→ **Problem description**:
Please reproduce the data exactly, though every picture must stay out.

→ **Source data**:
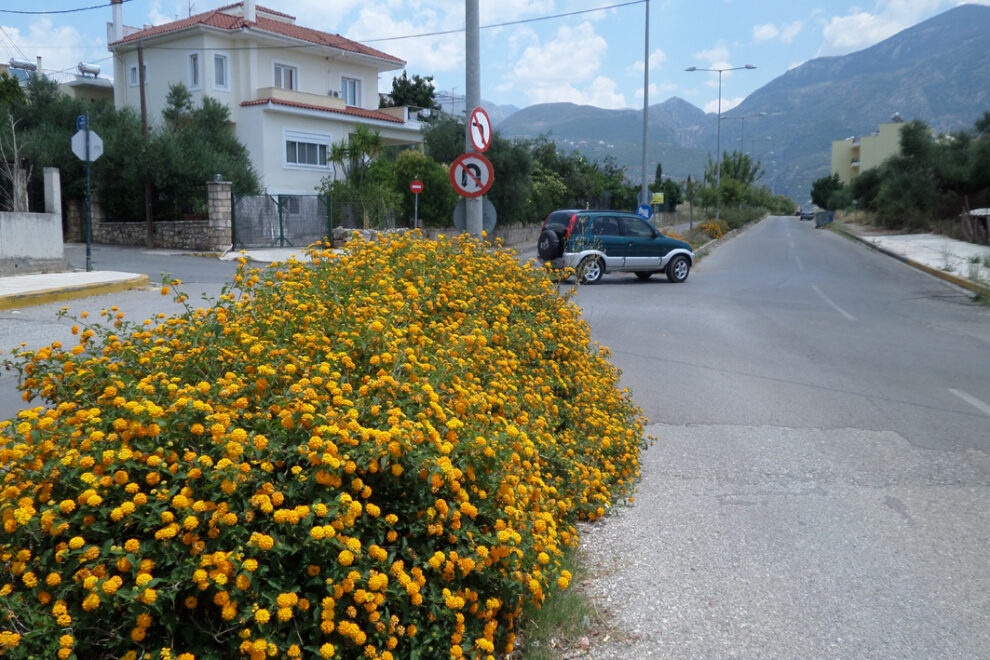 Επικίνδυνες ανθισμένες νησίδες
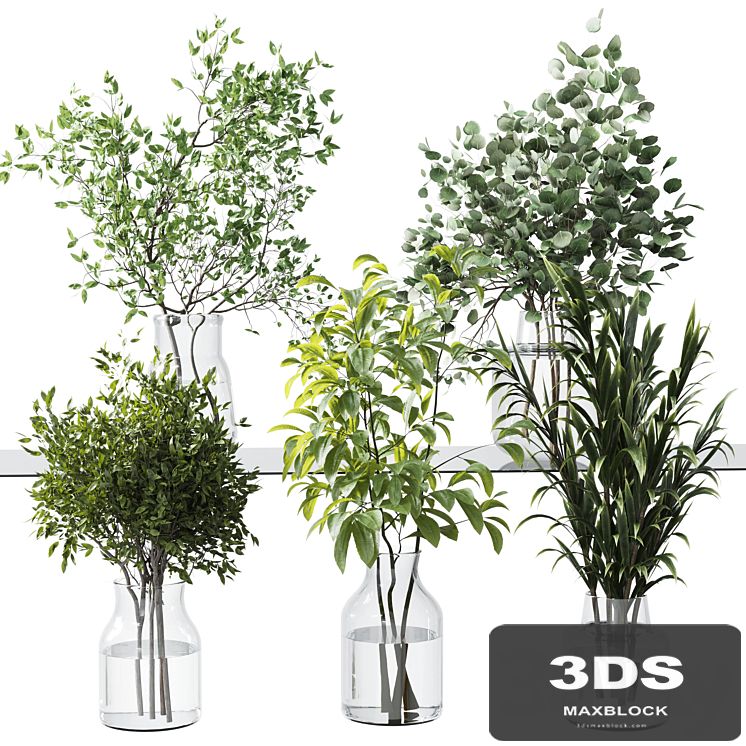 Collection Green Plants Bouquet Indoor 12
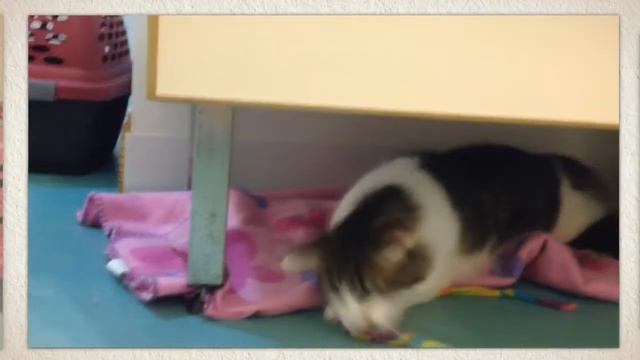 Gifford Cat Shelter: Wonderful Peter was Adopted смотреть онлайн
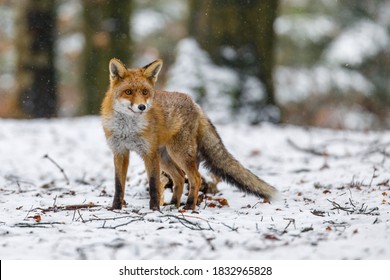 Red fox in winter. Portrait of red fox, Vulpes vulpes, standing in winter forest in snowfall. Cute orange fur coat animal with fluffy tail in nature. Predator ferrets about prey. Clever beast.
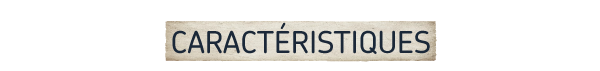 Homeseek thumbnail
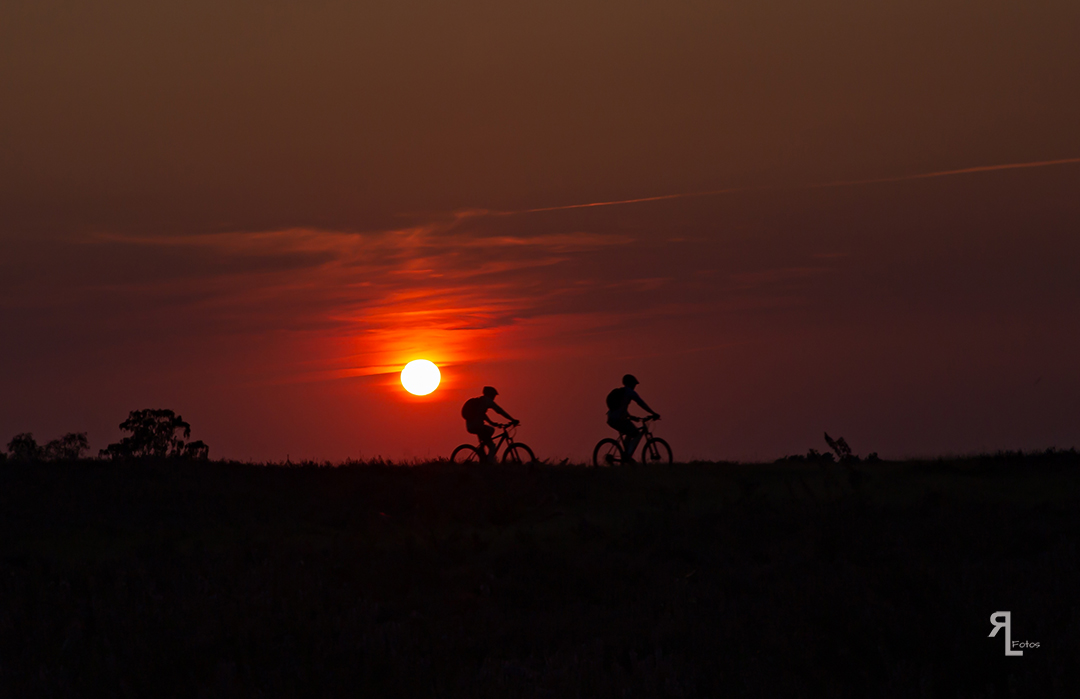 Sonnenuntergang in der Fischbeker Heide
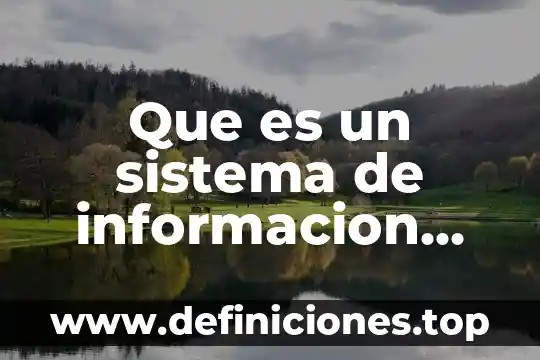 Que es una afluente en el sistema circulatorio humano 6 Que es un sistema de informacion computacional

→ **Solution to the problem**:
 Επικίνδυνες ανθισμένες νησίδες
 Collection Green Plants Bouquet Indoor 12
 Gifford Cat Shelter: Wonderful Peter was Adopted смотреть онлайн
 Red fox in winter. Portrait of red fox, Vulpes vulpes, standing in winter forest in snowfall. Cute orange fur coat animal with fluffy tail in nature. Predator ferrets about prey. Clever beast.
 Homeseek thumbnail
 Sonnenuntergang in der Fischbeker Heide
 Que es una afluente en el sistema circulatorio humano 6 Que es un sistema de informacion computacional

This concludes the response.